BBFC Classification: 18

The original Wolf Creek was a brutal and nihilistic Aussie shocker that gave the movie world a new bogeyman in the form of Mick Taylor: an outback redneck who loves to prey on, torment and ultimately dismember backpacking tourists. Terrifyingly portrayed by John Jarret, he returns for a sequel which is bigger, louder and faster than the original but unfortunately nowhere near as effective. It's business as usual for Mick who is out cruising the Australian desert looking for poor tourists to maim and kill. Having dispatched a couple of loud mouth road cops in the film’s opening scene, focus then switches to a couple of German backpackers who stupidly try to hitch a lift with Mick. He gets to torturing and tormenting them, only then for the film to pull another switcheroo by shifting focusing onto Paul (Corr) an unfortunate pom (as he is relentlessly referred to throughout the film!) who also crosses paths with Mick and then becomes the main focus of the sadistic outdoorsman. What follows is a seemingly never-ending chase and a lot of explicit gore.

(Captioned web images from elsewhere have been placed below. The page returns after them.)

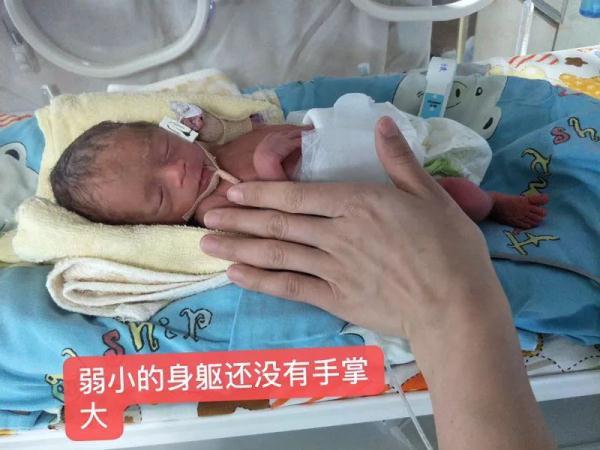 奇迹！新生儿早产体重仅 870 克，救治 73 天巴掌大宝宝跑赢死神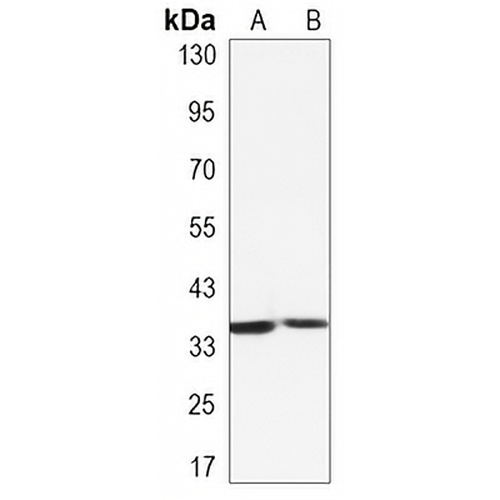 L1RE1 Rabbit Monoclonal Antibody(C3248)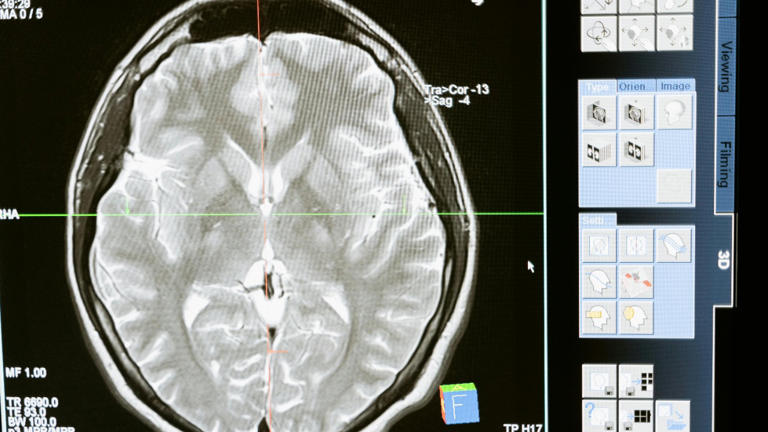 The age of brain weapons is coming and we are not ready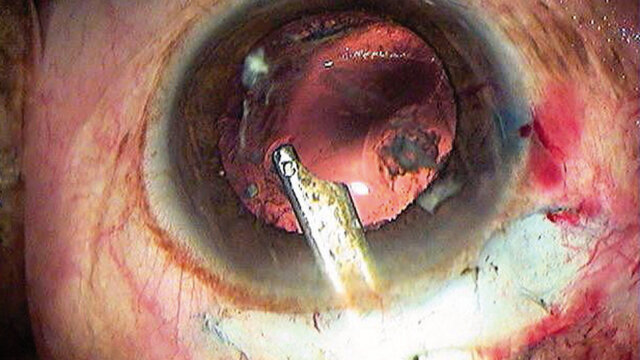 Understanding the Difference Between Cataracts and Glaucoma: Causes, Symptoms, and Treatment Options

A very mixed bag, Wolf Creek 2 veers from impressively staged and shot chase thriller to muddled gore soaked mess that by the last third drags on and on with the excessive ramblings of its villain and the need to shock with gore. Compared to the first film, Mick Taylor is very much front and centre here, given free rein to terrify, make bad jokes and rant and rant and rant (complete with ridiculous amounts of xenophobic slurs and use of the c-word!). While not all horror movies need to keep their monster hidden, thrusting Mick centre stage for most of the screen time is detrimental to the film. That’s meant as no offence to John Jarret’s very committed performance as he goes at it full tilt as the thoroughly repellent Mick Taylor (and is utterly convincing as a man without a soul) but with more gags, his evil laugh overused to the point of irritation and that by the finale you wish he would just shut the hell up, his character’s edge does seem to be dampened somewhat. This unfortunately means some of the subtle dread of the first film has been jettisoned, also giving way to lashings of more in your face gore, which come the final run just becomes redundant torture porn.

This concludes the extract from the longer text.